October 9, 2014

One important thing to note about nearly every law is that they have a specific window of enforcement.  The IRS is no different, having a statute of limitations on tax assessments.

Statute of Limitations: A type of federal or state law that restricts the time within which legal proceedings may be brought.

Statue of Limitations Start Date

Knowing how long a statute of limitation is is one thing, but in order to properly calculate that, you need to know when the clock actually starts, and the answer might surprise you. If you file your taxes on time, the clock doesn’t start the date you file or the date they inform you that your file is received. Rather, it starts on April 15th.

If you file late and do not have an extension, the clock starts on the date you file. If you do have an authorized extension, your filing is considered on-time and, so long as you follow all the requirements of the extension, the clock reverts back to April 15th.

Usually, the Statute Is Three Years

In general, with an exception we’ll mention later, the statute of limitations for tax assessments is exactly three years from the start of the clock. That’s either April 15th, or when you file late without an authorized extension.

Sometimes, It’s Longer

Normally, statute of limitations laws are quite clear, but this one has a slight complication. If your filing has a “substantial understatement of income,” then the statute of limitations is extended to six years. The start date is still determined the same way. What ‘substantial understatement of income’ means exactly is not entirely clear, and is currently being determined by a civil lawsuit, but in general it refers to shorting your income by 25% or more. We, of course, recommend honesty in your tax filings.

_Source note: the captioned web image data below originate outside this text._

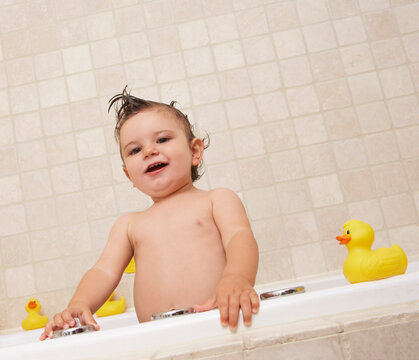 Baby Taking Bath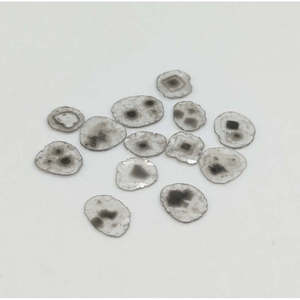 Corte de Diamante Natural Suelto de 4-7 mm, Tono Sal y Pimienta, Claridad VS2, Excelente Corte, Certificado para Joyería, Cristal - Product Image 4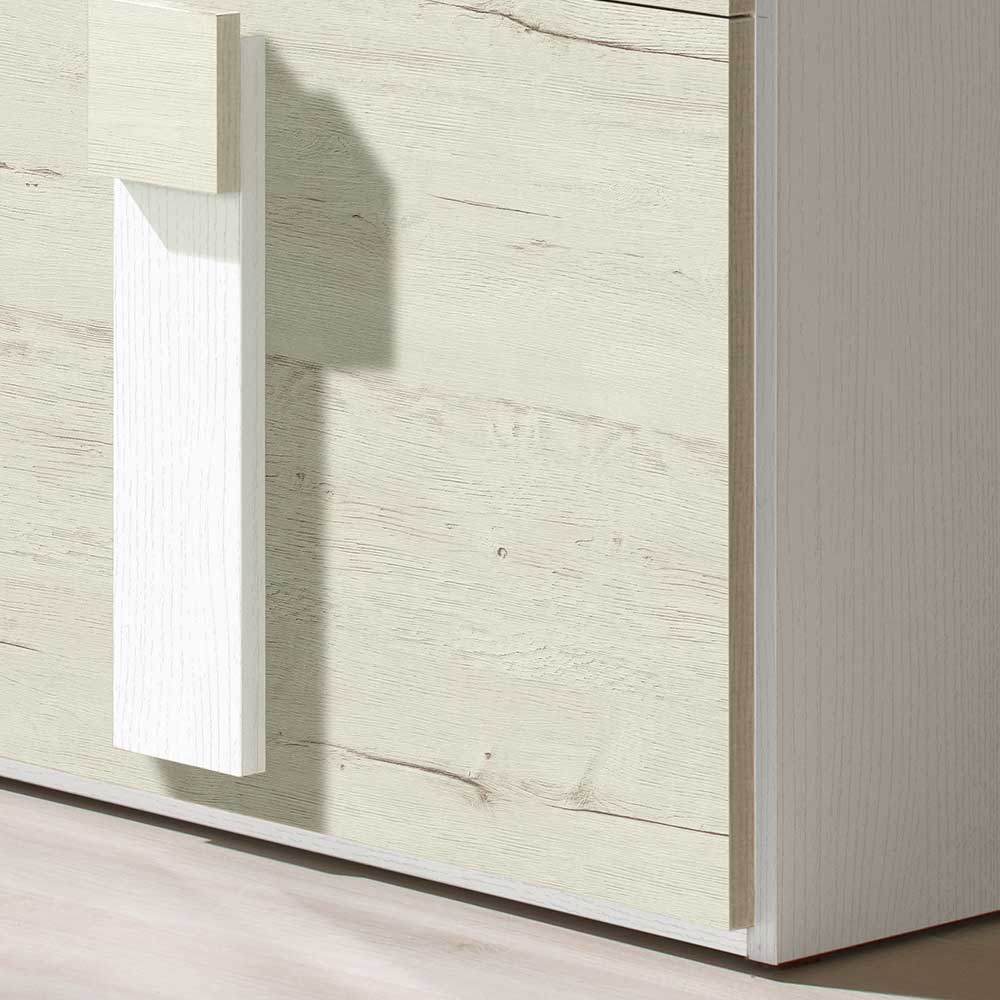 Schuh Klappschrank Istamon in Creme Weiß 65 cm breit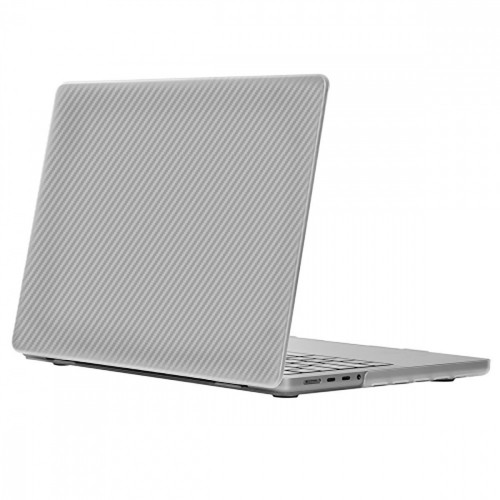 Чохол-накладка (пластиковий) Apple MacBook Air 13" (2018 - 2020) WiWU iKavlar Crystal Shield Stripe Clear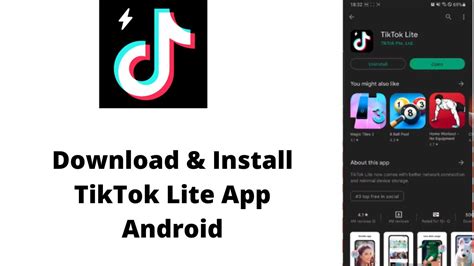 It runs seamlessly on slow networks, reduces data usage, and occupies only 9MB of space. . Tik tok lite app download
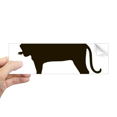 thumbnail image 1 of Black Tiger Animal Portrayal Rectangle Bumper Sticker Notebook Window Decal, 1 of 1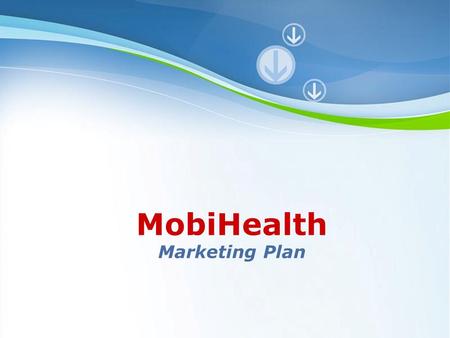 MobiHealth Marketing Plan Powerpoint Templates.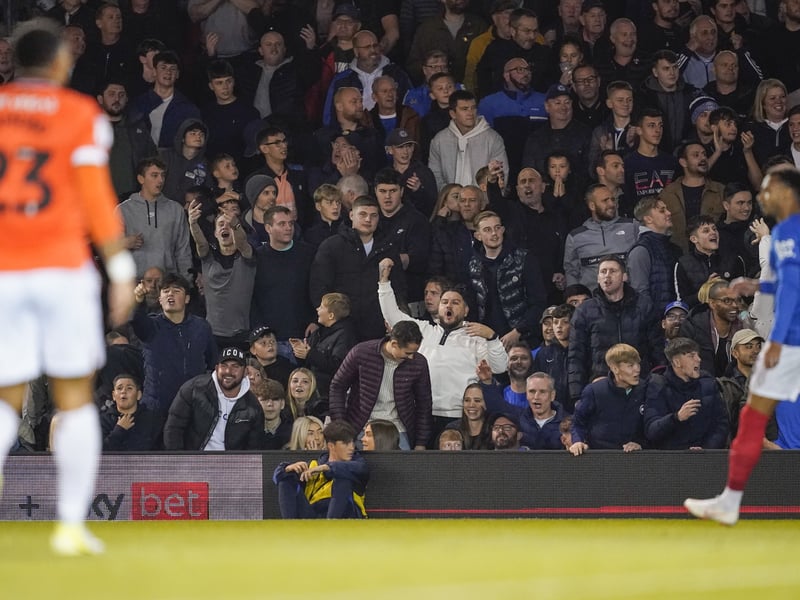 Pompey fans backed their team as ever in the fight for Championship survival, as 20,262 turned out for the clash with Sheffield Wednesday.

If your filing includes fraud, the statute of limitation doesn’t just extends the limitations, but it actually removes them. The IRS thus has forever to determine wrong-doing. The IRS has filed against not just taxpayers, but also against Estates for fraudulent tax returns.

So, the Moral Is…

To summarize, if you follow the law and file on time, not only does your statue of limitations extend three years from April 15th, but you also save yourself from invasive audits later on. File early and accurately, and you have nothing to worry about regardless of the statute.